Language: Set literal

Created on 8 Oct 2018 · 16Comments · Source: dart-lang/language

Solution for #36, feature specification.

This issue is for discussing the pros and cons of this particular proposal.
General discussion about the issue should go in #36 where everybody can see it.

I propose to add set literals to Dart by using <int>{1, 2, 3} syntax. This is distinguishable from a map literal in every case except the empty set with not type variable, {}. In that case, we should use the context type to pick the correct Set or Map type, defaulting to a map if the context type is not prohibiting it from being a map.

(Historical design proposal).

feature

Source

lrhn

👍6

Most helpful comment

Closing; expected to launch in Dart 2.2

mit-mit on 22 Feb 2019

🎉5

All 16 comments

It has been brought up that this proposal intercepts with another proposed future feature: Collection spreads which allows you to write [1, 2, ...someListExpression, 5] as a literal. It works for both lists and maps, and should also work for sets.
Since the syntax for spreading an iterable in a list literal and a map in a map literal is the same, and it would be the same for set literals, it means that there are more ambiguous expressions than the empty map/set, like {... something}. That is, any map/set literal with no type arguments and containing only spreads needs to be disambiguated.

If there is a useful context type, then we can still use that to determine whether it's a set or map literal.
If the context type allows both sets and maps, then the fact that we have an exact type assumption on literals allows us to make that a compile-time error, so we can assume that either there is no context type, or it's a type that neither Iterable nor Map is assignable to.

If the literal is empty (zero spreads) it still needs to be a map. With no context type, that also cannot be an error.

If there is no useful context type and at least one spread, then we can either give up (make it a compile-time error) or use the static type of the spread expressions to determine whether it's a set or map literal.
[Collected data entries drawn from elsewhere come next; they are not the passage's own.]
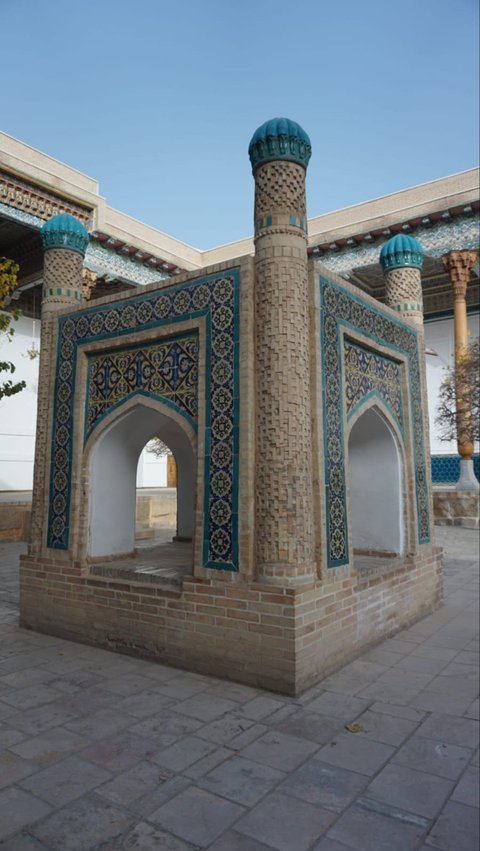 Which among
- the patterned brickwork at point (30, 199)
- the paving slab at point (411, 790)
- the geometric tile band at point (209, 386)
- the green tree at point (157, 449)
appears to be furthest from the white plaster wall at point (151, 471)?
the paving slab at point (411, 790)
Giving up is a valid and safe option - you want to write {... e}, you have to say whether it's a map or a set, since the syntax doesn't say anything.

Or we can look at the static type of e.

The complication here is that the static type of e depends on the context type for e, which again depends on whether the surrounding context is a set or a map, which is what we are trying to deduce.
In a set/list literal with static type Set<T>/List<T>, the context type of e in ...e is Iterable<T>.
We can even be in a position where we know that the context type is a set, but the type argument is still unknown (to-be-inferred), like

void foo<T>(Set<T> set) {}
main() {
   foo({... [1, 2]});  // context type of `[1, 2]` is Iterable<?>, it gets filled out with <int> by the list.
}

So, if we try to find the static type of the spread expressions, we do it with no context type, which is still possible, but may give a different result than what we would get if we had written the inferred type explicitly.
We then need to figure out how to deduce the set/map-ness of the container from those types.

I see three options:

If all spread expressions have static types assignable to Iterable<Object>, and none have static types assignable to Map<Object, Object>, it's a set. In the opposite case (all maps, no iterables), it's a map. Otherwise it's a compile-time error. That's probably unnecessarily harsh.
If all spread expressions have static types assignable to Iterable<Object>, and not all have static types assignable to Map<Object, Object>, it's a set. In the opposite case (all maps, not all iterables), it's a map. Otherwise it's a compile-time error (that is, either not all can be used in a set literal or not all can be used in a map literal, or all of them can be used in both - the first two cases are plain errors, and the last one is unavoidably ambiguous - and it can easily happen because dynamic is down-castable to both).
If all spread expressions have static types assignable to Iterable<Object>, and not all have static types assignable to Map<Object, Object>, it's a set. Otherwise it's a map.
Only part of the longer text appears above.